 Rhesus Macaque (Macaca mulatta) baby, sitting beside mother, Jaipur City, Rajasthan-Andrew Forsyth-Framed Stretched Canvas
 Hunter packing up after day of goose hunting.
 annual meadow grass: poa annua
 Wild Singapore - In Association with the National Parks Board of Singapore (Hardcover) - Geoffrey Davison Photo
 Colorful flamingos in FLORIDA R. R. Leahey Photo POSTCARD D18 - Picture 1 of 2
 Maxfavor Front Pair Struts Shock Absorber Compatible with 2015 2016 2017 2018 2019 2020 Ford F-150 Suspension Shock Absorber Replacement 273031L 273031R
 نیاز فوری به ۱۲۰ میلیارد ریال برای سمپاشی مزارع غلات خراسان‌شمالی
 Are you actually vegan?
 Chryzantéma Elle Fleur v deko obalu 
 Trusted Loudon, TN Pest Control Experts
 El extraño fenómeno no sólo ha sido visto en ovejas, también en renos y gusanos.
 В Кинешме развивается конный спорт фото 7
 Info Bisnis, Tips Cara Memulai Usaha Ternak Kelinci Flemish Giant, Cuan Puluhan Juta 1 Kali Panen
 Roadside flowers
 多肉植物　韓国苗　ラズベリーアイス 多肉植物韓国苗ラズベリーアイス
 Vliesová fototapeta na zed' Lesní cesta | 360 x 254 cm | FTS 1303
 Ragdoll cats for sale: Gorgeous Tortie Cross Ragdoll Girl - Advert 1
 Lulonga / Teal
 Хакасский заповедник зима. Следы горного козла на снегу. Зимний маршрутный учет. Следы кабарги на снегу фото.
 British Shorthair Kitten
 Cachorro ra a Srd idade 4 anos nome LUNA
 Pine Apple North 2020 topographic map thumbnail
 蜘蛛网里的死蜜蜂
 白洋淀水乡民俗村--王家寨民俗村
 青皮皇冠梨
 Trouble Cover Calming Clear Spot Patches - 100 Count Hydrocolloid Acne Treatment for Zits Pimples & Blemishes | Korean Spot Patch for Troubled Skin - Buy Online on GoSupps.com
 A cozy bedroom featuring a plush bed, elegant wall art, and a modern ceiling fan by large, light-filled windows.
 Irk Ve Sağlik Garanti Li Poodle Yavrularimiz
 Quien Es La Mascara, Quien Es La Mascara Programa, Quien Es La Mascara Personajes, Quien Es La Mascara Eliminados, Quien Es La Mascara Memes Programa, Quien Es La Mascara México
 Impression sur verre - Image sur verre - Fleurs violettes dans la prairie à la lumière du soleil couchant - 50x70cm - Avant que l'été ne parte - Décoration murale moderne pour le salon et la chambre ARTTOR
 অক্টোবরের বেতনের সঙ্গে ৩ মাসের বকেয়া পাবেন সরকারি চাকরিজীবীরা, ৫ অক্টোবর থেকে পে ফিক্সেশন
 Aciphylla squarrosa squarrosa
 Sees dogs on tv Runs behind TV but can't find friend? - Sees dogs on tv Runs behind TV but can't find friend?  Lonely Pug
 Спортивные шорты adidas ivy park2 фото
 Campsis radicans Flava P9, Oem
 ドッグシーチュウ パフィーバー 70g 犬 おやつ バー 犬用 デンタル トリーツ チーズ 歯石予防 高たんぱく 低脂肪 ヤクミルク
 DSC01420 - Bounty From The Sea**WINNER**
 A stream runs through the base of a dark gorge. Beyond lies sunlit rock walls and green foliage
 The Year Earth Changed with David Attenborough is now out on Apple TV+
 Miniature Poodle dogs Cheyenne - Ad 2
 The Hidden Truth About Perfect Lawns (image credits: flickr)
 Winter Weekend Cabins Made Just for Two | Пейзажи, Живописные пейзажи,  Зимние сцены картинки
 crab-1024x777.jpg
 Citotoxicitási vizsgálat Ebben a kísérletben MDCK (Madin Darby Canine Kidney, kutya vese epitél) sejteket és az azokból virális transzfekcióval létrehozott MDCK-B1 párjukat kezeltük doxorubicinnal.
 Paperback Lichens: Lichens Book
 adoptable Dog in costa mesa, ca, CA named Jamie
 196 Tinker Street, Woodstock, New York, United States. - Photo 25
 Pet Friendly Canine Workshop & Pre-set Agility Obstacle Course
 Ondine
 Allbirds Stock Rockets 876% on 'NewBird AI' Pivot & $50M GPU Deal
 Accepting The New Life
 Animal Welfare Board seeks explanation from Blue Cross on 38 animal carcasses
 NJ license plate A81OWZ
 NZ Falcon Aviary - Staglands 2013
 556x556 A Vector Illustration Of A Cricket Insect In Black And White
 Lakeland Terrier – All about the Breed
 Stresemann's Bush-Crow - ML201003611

▬▬▬

= Exercise description =
In the entries above, one line contains "A cozy bedroom" and another contains "Aciphylla squarrosa squarrosa". Reproduce exactly those two lines and the lines between them, nothing else.

= Solution for this problem =
 A cozy bedroom featuring a plush bed, elegant wall art, and a modern ceiling fan by large, light-filled windows.
 Irk Ve Sağlik Garanti Li Poodle Yavrularimiz
 Quien Es La Mascara, Quien Es La Mascara Programa, Quien Es La Mascara Personajes, Quien Es La Mascara Eliminados, Quien Es La Mascara Memes Programa, Quien Es La Mascara México
 Impression sur verre - Image sur verre - Fleurs violettes dans la prairie à la lumière du soleil couchant - 50x70cm - Avant que l'été ne parte - Décoration murale moderne pour le salon et la chambre ARTTOR
 অক্টোবরের বেতনের সঙ্গে ৩ মাসের বকেয়া পাবেন সরকারি চাকরিজীবীরা, ৫ অক্টোবর থেকে পে ফিক্সেশন
 Aciphylla squarrosa squarrosa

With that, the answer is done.